Советская историческая энциклопедия постеснялась упомянуть, что революционные пролетарии собрались в Лондоне для поддержки очередного восстания польской шляхты против Российской империи. В силу трудных для пониманий тонкостей мировой классовой борьбы и хитросплетений материалистической диалектики революционные пролетарии со штаб-квартирой в Лондоне упорно видели своей главной миссией разрушение именно Российской империи, а не, допустим, Османской или Британской.

К. Маркс «Речь на польском митинге в Лондоне 22 января 1867 года»:

«Уменьшилась ли опасность со стороны России? Нет. Только умственное ослепление господствующих классов Европы дошло до предела. Прежде всего, по признанию ее официального историка Карамзина, неизменной остается политика России. Ее методы, ее тактика, ее приемы могут изменяться, но путеводная звезда этой политики - мировое господство, остается неизменной. Только изворотливое правительство, господствующее над массами варваров, может в настоящее время замышлять подобные планы».

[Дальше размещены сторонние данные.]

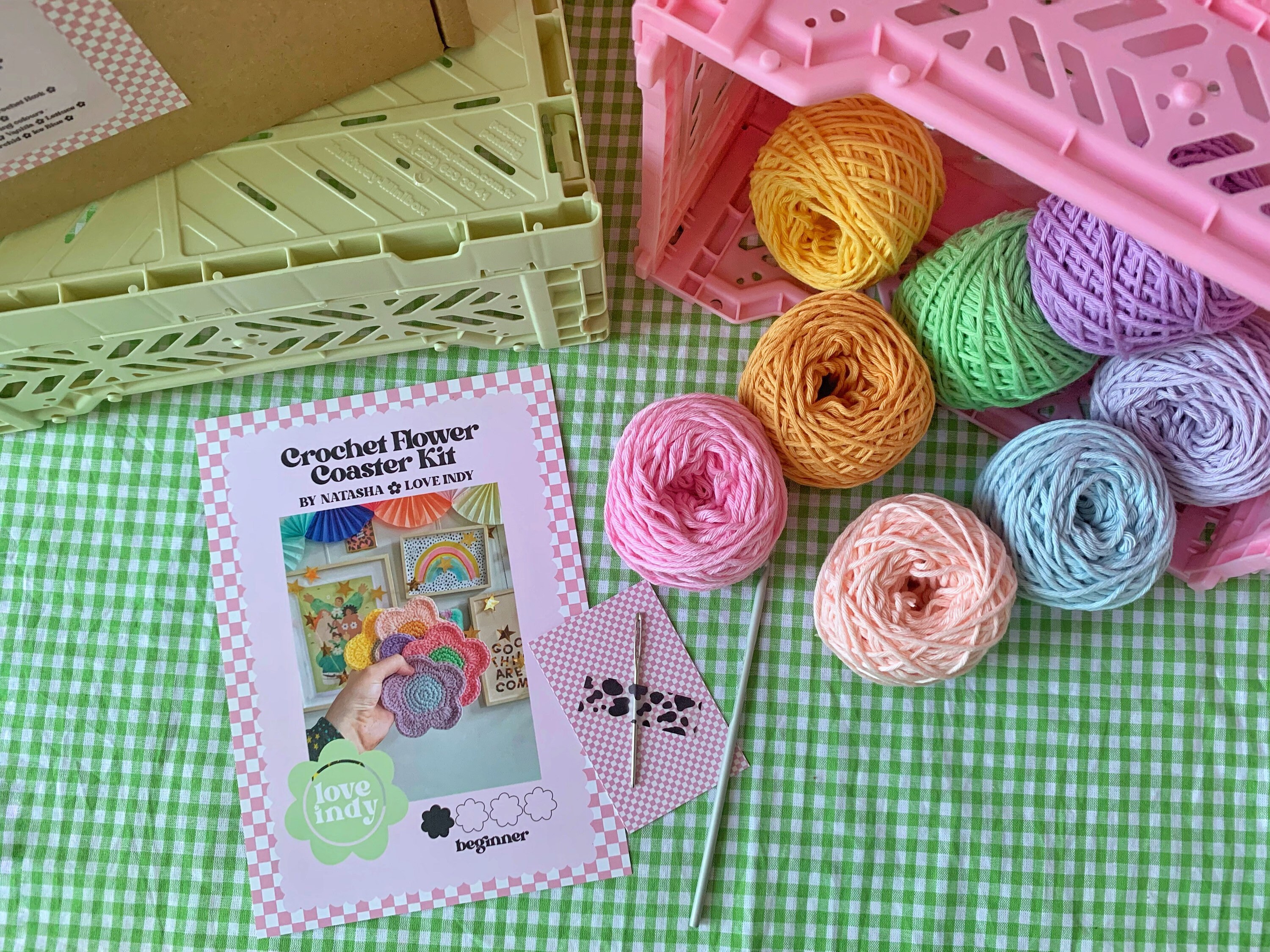 Crochet Kit Crochet Coaster Kit Crochet DIY Kit Crochet Etsy UK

«Петр I однажды воскликнул, что для завоевания мира московитам не хватает только души. Живительный дух, который нужен России, войдет в ее тело лишь после поглощения поляков».

«Итак, для Европы существует только одна альтернатива: либо возглавляемое московитами азиатское варварство обрушится, как лавина, на ее голову, либо она должна восстановить Польшу, оградив себя таким образом от Азии двадцатью миллионами героев, чтобы выиграть время для завершения своего социального преобразования».

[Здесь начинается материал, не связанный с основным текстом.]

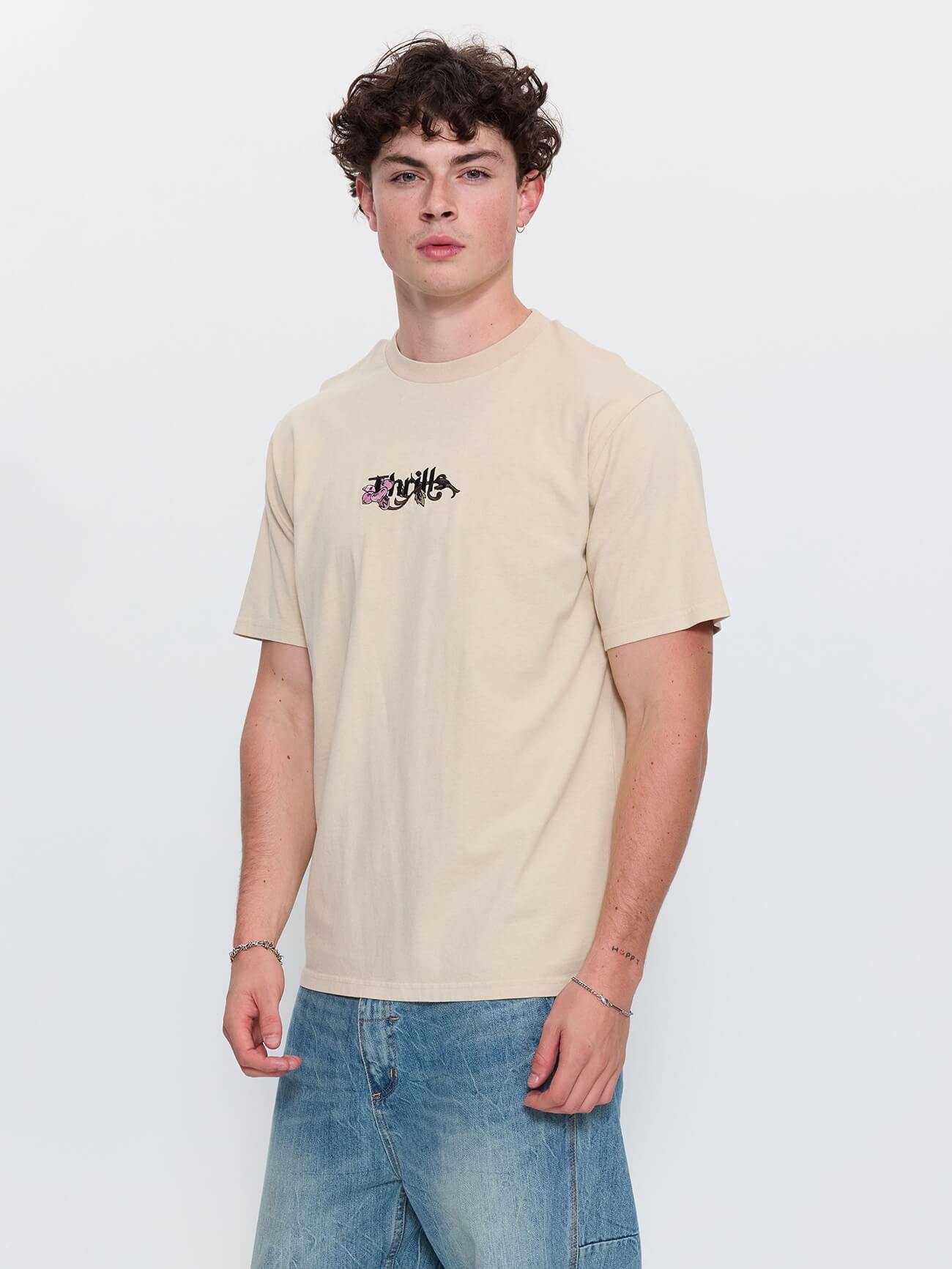 Natures Takeover Merch Fit Tee - Oatmeal XS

Справедливости ради надо сказать, что далеко не все деятели европейской демократии и рабочего движения одобряли параноидальную русофобию марксистов. Классикам приходилось оправдываться.


Ф.Энгельс «Какое дело рабочему классу до Польши?» (Напечатано в газете «The Commonwealth» №№159, 160 и 165; 24, 31 марта и 5 мая 1866 г.):

«Повсюду, где рабочий класс принимал самостоятельно участие в политических движениях, его внешняя политика с самого начала выражалась в немногих словах - восстановление Польши. Так обстояло дело с чартистским движением во все время его существования; так обстояло дело с французскими рабочими еще задолго до 1848г и в памятный 1848г, когда 15 мая они двинулись к Учредительному собранию с криками: «Vive la Pologne!» - Да здравствует Польша! Так обстояло дело и в Германии, где в 1848 и 1849гг органы печати рабочего класса требовали войны с Россией для восстановления Польши. Так обстоит дело и теперь, с одним лишь исключением, о котором подробнее скажем ниже. Рабочие Европы единодушно провозглашают восстановление Польши как неотъемлемую часть своей политической программы, как требование, наиболее выражающее их внешнюю политику».

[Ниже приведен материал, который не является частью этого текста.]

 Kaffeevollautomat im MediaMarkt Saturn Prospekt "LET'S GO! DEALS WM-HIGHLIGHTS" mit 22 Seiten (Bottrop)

«Эта программа внешней политики рабочих Западной и Центральной Европы нашла единодушное признание со стороны класса, которому она была предложена, за одним лишь исключением, как было уже сказано. Среди рабочих во Франции имеется незначительное меньшинство последователей школы покойного П. Ж. Прудона. Эта школа in toto {целиком} расходится с большинством передовых и мыслящих рабочих; она их объявляет невежественными глупцами и в большинстве вопросов придерживается мнений, совершенно противоположных их мнениям. Это относится также и к их внешней политике. Прудонисты в роли судей угнетенной Польши выносят ей приговор подобно стейлибриджским присяжным: «И поделом». Они восхищаются Россией как великой страной будущего, как самой передовой державой во всем мире, наряду с которой не стоит даже упоминать о такой ничтожной стране, как Соединенные Штаты. Они обвинили Совет Международного Товарищества в том, что он якобы подхватил бонапартистский принцип национальностей и объявил великодушный русский народ вне пределов цивилизованной Европы, а это - тяжкий грех против принципов всемирной демократии и братства всех народов. Таковы их обвинения»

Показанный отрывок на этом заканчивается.